Activity: Please set down only the lines below starting with the line with "Press On Nail" and going on through the line with "Anouk Orange Woven", verbatim and without pictures.

Data:
╭──

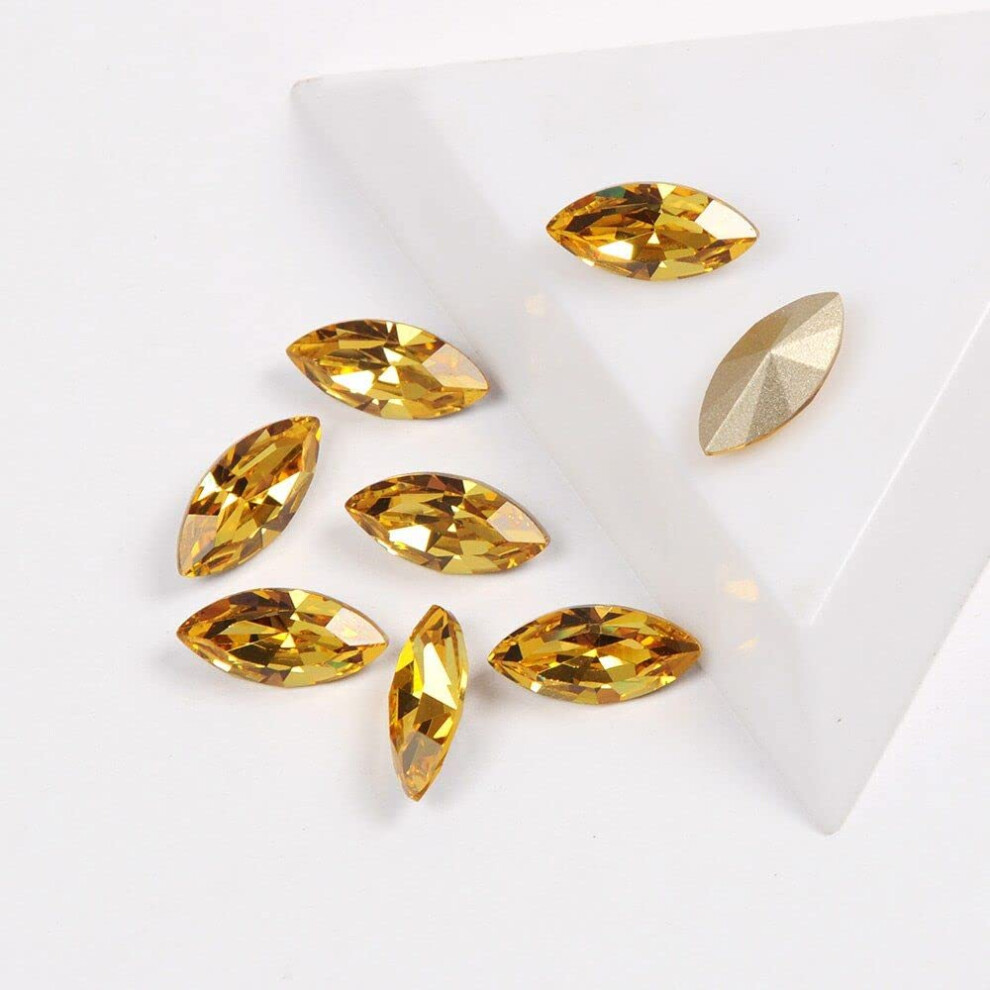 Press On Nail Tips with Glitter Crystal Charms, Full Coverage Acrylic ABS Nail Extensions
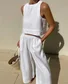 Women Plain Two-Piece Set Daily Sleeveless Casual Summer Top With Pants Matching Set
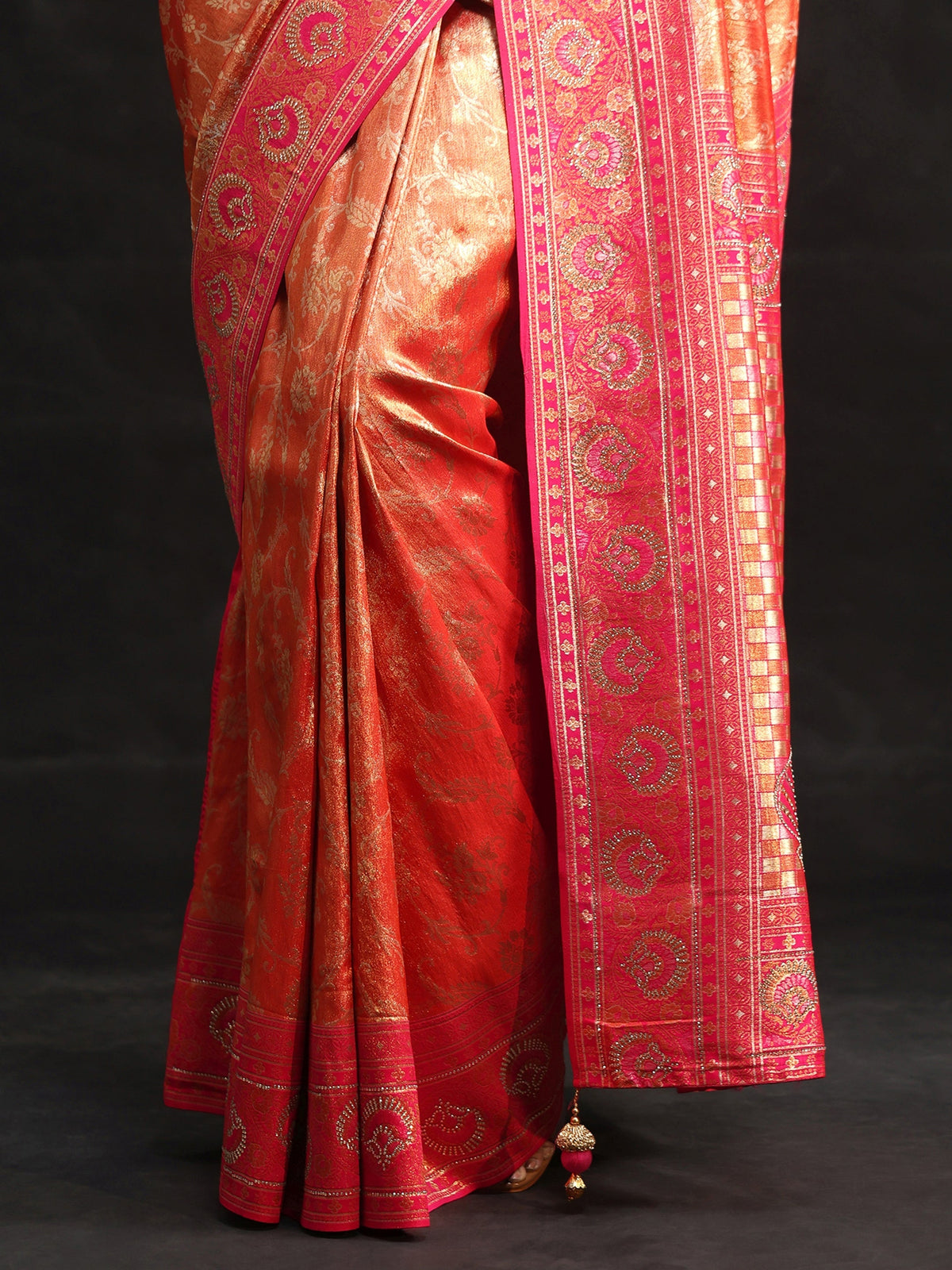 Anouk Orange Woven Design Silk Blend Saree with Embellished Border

╰──
╭──

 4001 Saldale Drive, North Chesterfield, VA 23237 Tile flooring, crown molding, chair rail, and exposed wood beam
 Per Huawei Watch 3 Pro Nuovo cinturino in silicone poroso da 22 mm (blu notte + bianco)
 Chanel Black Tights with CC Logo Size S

╰──
╭──

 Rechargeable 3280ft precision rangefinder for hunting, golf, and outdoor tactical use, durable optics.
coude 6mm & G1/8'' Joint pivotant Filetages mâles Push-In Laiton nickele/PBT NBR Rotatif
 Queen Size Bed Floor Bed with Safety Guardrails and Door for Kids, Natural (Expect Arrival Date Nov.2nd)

╰──

Exercise answer:
 Press On Nail Tips with Glitter Crystal Charms, Full Coverage Acrylic ABS Nail Extensions
 Women Plain Two-Piece Set Daily Sleeveless Casual Summer Top With Pants Matching Set
 Anouk Orange Woven Design Silk Blend Saree with Embellished Border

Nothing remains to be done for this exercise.